H₂News: Herr Lazzaroni, welche Rolle spielt Wasserstoff für die Energieversorgung der Zukunft?
Marco Lazzaroni: Wasserstoff hat zahlreiche Vorteile gegenüber den traditionellen erneuerbaren Energieträgern, die für die globale Energiewende nach wie vor entscheidend sind. So ist er beispielsweise sehr effektiv bei der Dekarbonisierung schwer abbaubarer Sektoren, des Schwerlastverkehrs, der Automobilindustrie, der Luftfahrt und der Schifffahrt.
Darüber hinaus kann Wasserstoff auch zur Speicherung überschüssiger Energie aus erneuerbaren Quellen verwendet werden. Diese Energie kann dann wieder in Strom umgewandelt oder auf andere Weise genutzt werden, wenn die Nachfrage die Produktion übersteigt, was zur Stabilität der Stromnetze und zur Bewältigung von Schwankungen bei der Erzeugung erneuerbarer Energie beiträgt. Wasserstoff hat großes Potenzial, weil es vielseitig einsetzbar ist. Und wenn wir von grünem Wasserstoff sprechen, gibt es noch mehr Möglichkeiten.
H₂News: Die EU hat ja klare Ziele für den Einsatz von Wasserstoff formuliert.
Lazzaroni: Die Ziele des REPowerEU-Plans sind in der Tat ehrgeizig. So sollen bis 2030 10 Millionen Tonnen grüner Wasserstoff in den EU-Mitgliedstaaten produziert und weitere 10 Millionen Tonnen aus Nicht-EU-Ländern importieret werden. Diese Mengen würden einer Elektrolysekapazität von 65-80 GW entsprechen und damit das 40-GW-Ziel der EU-Wasserstoffstrategie für 2020 deutlich übertreffen.
Die neuesten Daten bestätigen einen sich weltweit beschleunigenden Trend mit einem erwarteten CAGR für grünen Wasserstoff von 38,77 Prozent für den Zeitraum 2024-2033 (Precedence Research). Es liegt ein sehr vorsichtiger Ansatz bei den Schätzungen zugrunde, der durch Hinweise auf eine Verlangsamung bei der Fertigstellung von Großprojekten und eine noch nicht strukturierte politische und institutionelle Unterstützung bedingt ist. Und die neuesten Daten bestätigen einen sich weltweit beschleunigenden Trend mit einer erwarteten CAGR für grünen Wasserstoff von fast 40 Prozent im Zeitraum 2024-2033.
H₂News: Was sind die größten Herausforderungen bei der Einführung der Wasserstoffwirtschaft?

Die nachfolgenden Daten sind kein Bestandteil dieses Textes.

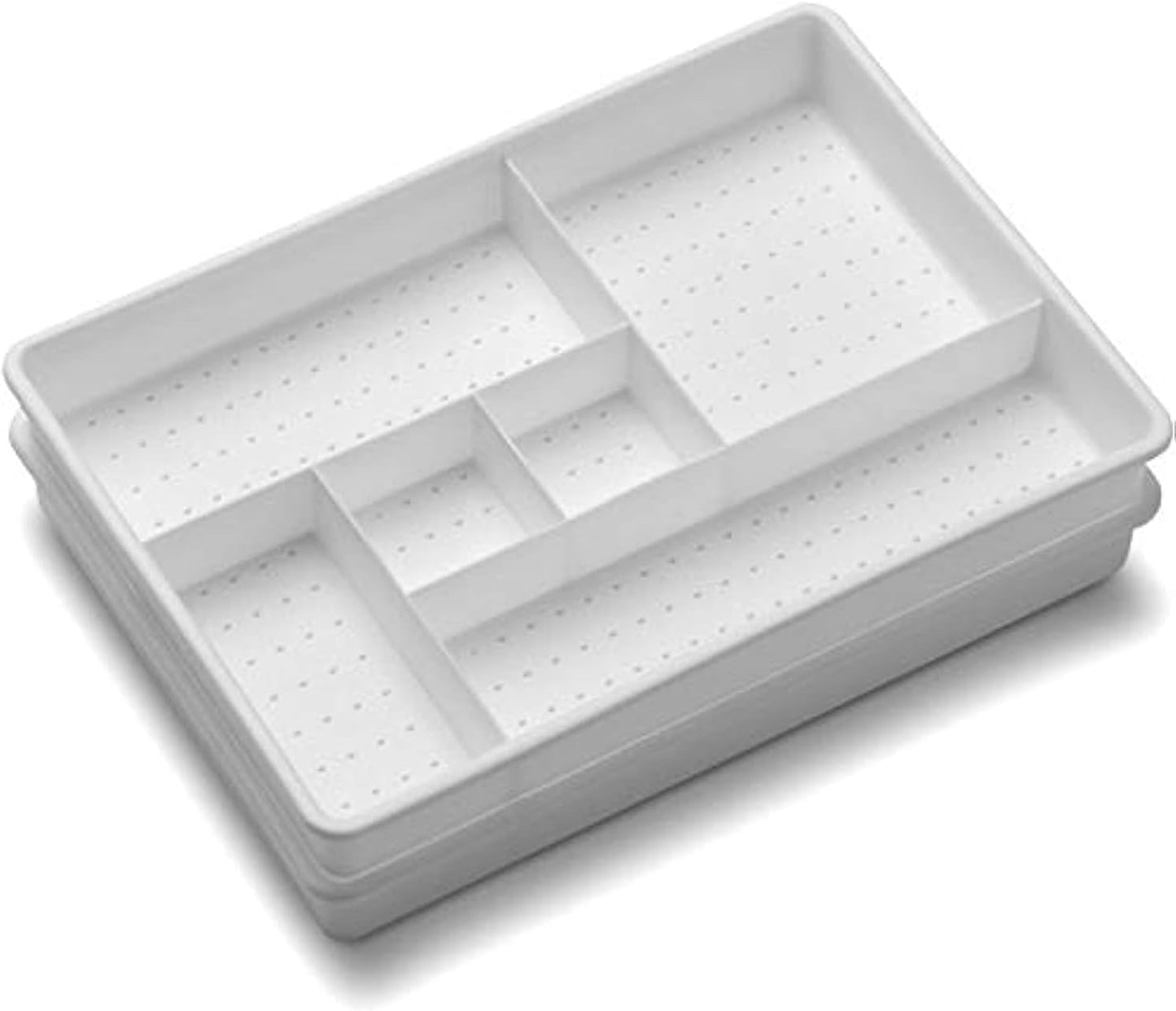 madesmart Classic 2 Piece Drawer Organizer, White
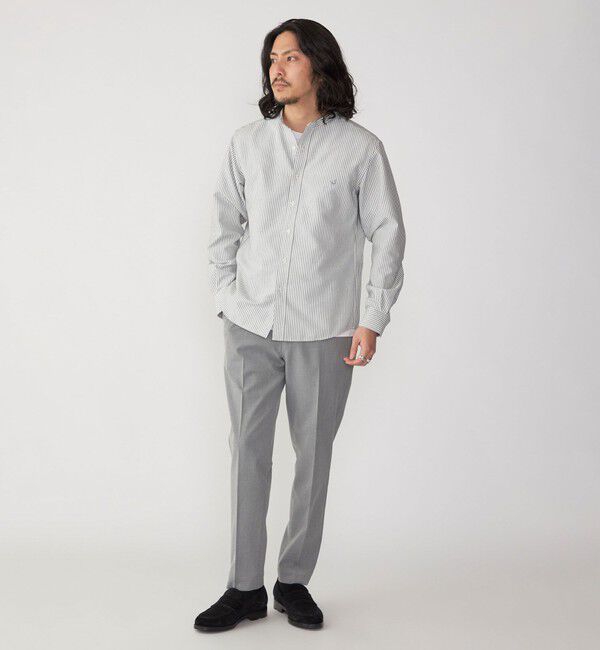 SHIPS「【WEB限定】SHIPS: 防シワ・吸水速乾 Drymix(R) ワンポイントロゴバンドカラーシャツ」|シャツ・ブラウス|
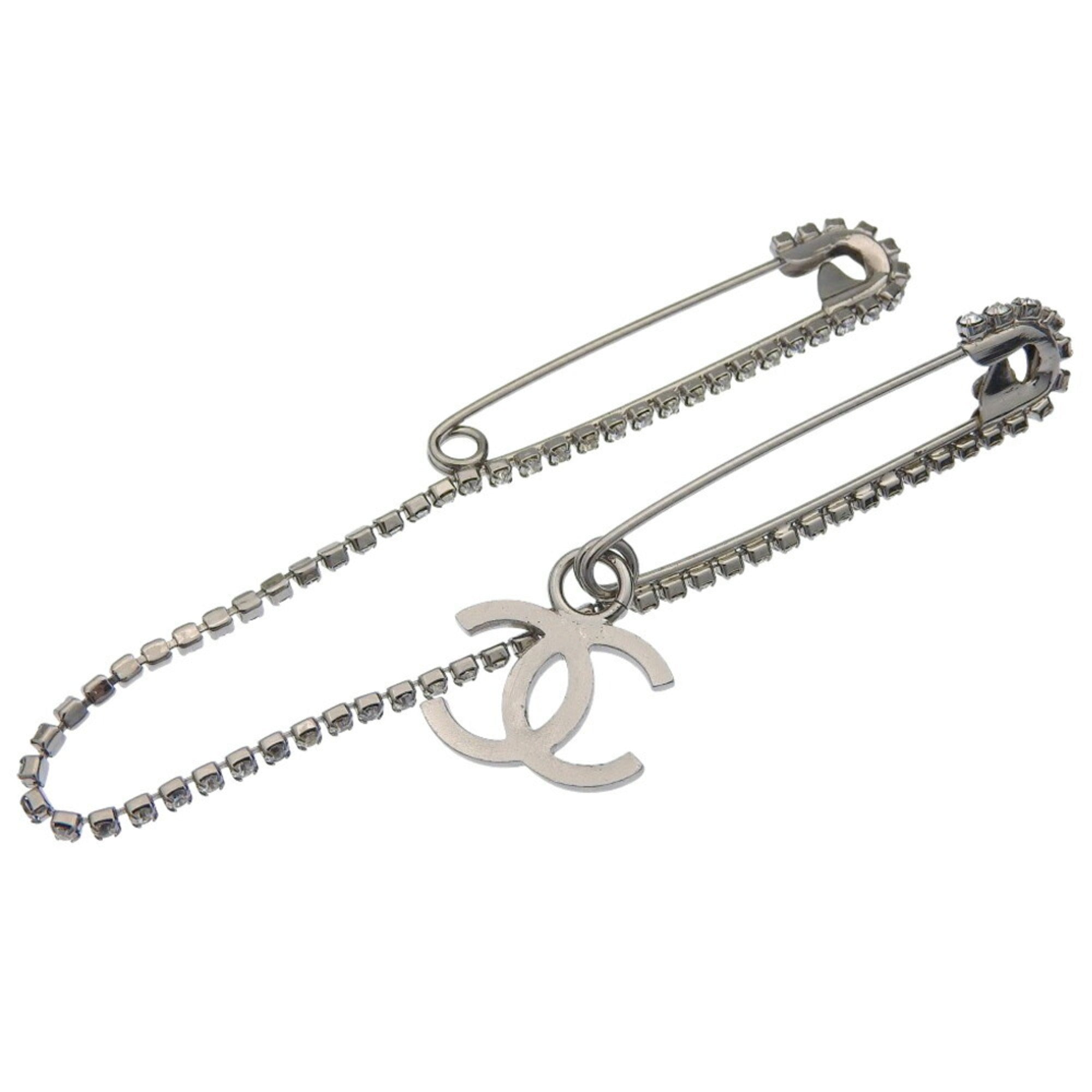 CC Logo Brooch Silver-Tone Metal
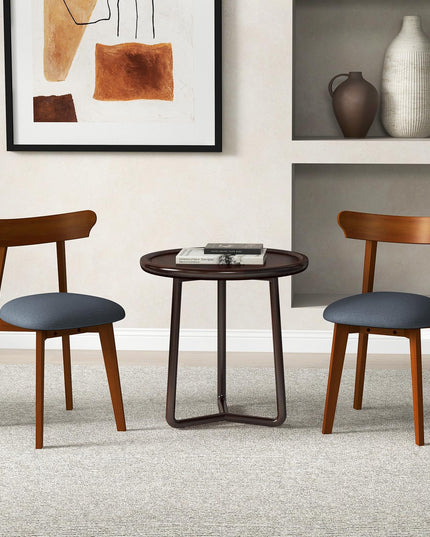 Giantex Wooden Dining Chairs Set, Mid-Century Kitchen Chairs w/Padded Seat & Curved Backrest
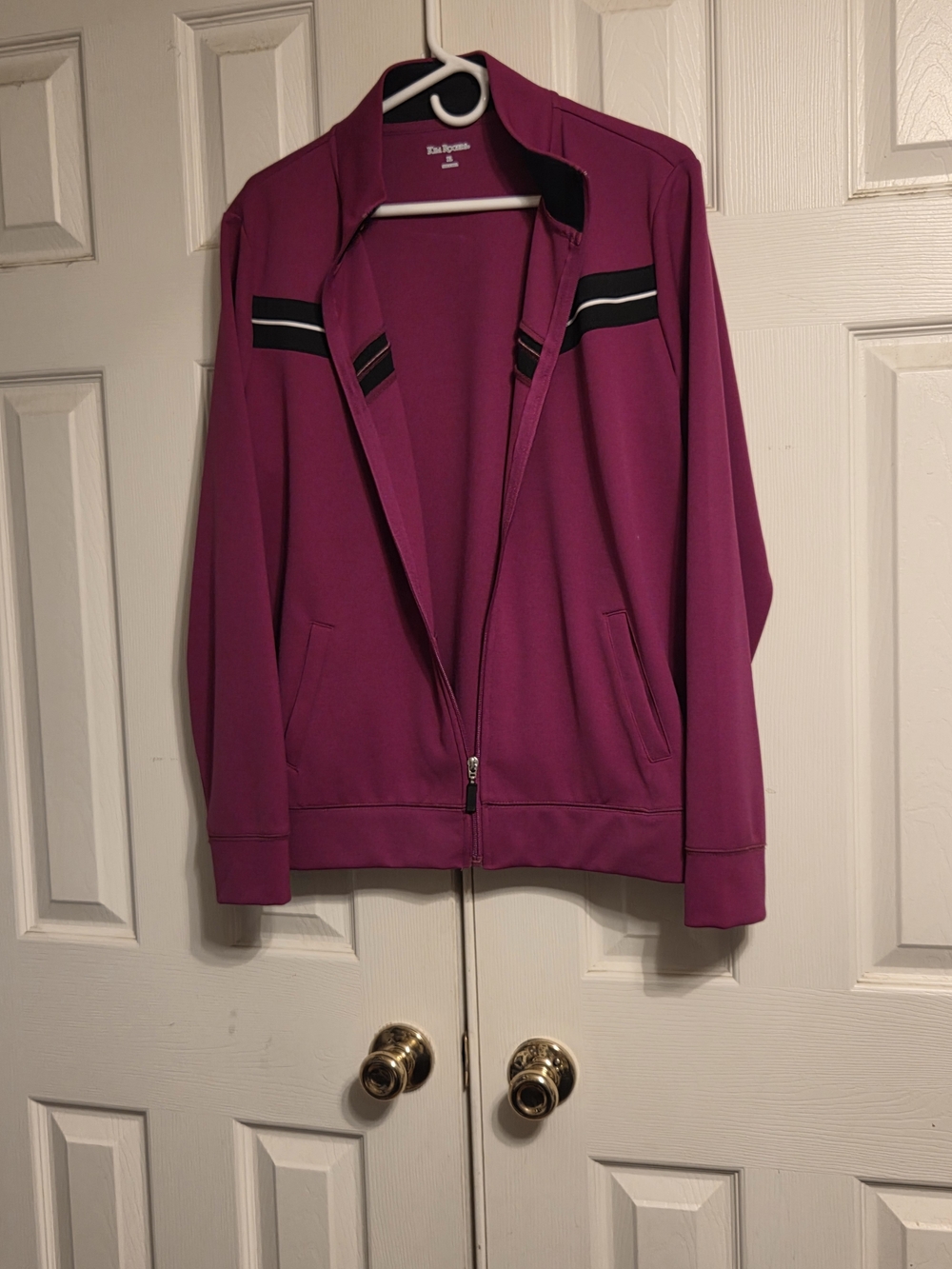 Kim Rogers Magenta Zip-Front Bomber Jacket with Black & White Stripe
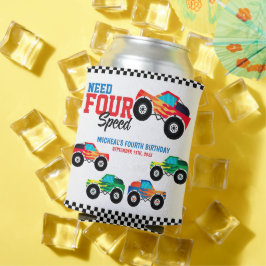 Verjaardag van vier snelheidsmonstervrachtwagen no blikjeskoeler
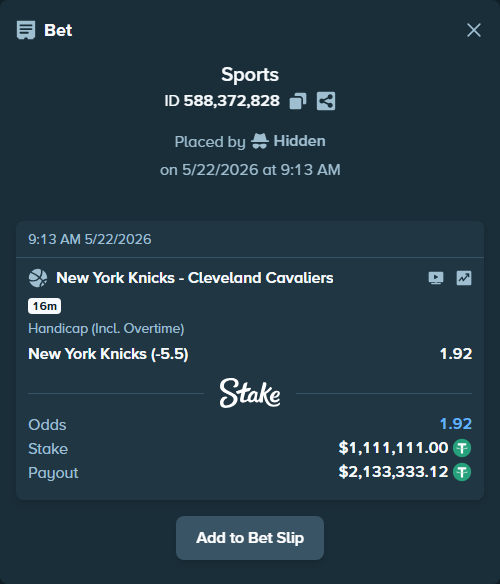 Bet slip: New York Knicks - Cleveland Cavaliers, $1,112,222.11 stake at 1.92 odds, placed by Hidden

Lazzaroni: Im Moment geht es nur um Infrastruktur, Kosten und Effizienz. Die Infrastruktur, insbesondere in Deutschland, muss teilweise von Grund auf neu aufgebaut werden, das ist teuer und geht nicht von heute auf morgen. Das ist in vielen anderen europäischen Ländern so, auch in Italien. Wir haben den Vorteil, dass wir näher an Nordafrika gelegen sind, wo wir erwarten, dass wir grünen Wasserstoff aus erneuerbaren Energien zu wettbewerbsfähigen Kosten produzieren und ihn dann über Pipelines nach Kontinentaleuropa transportieren können; das ist derzeit die günstigste Art des H2-Transports.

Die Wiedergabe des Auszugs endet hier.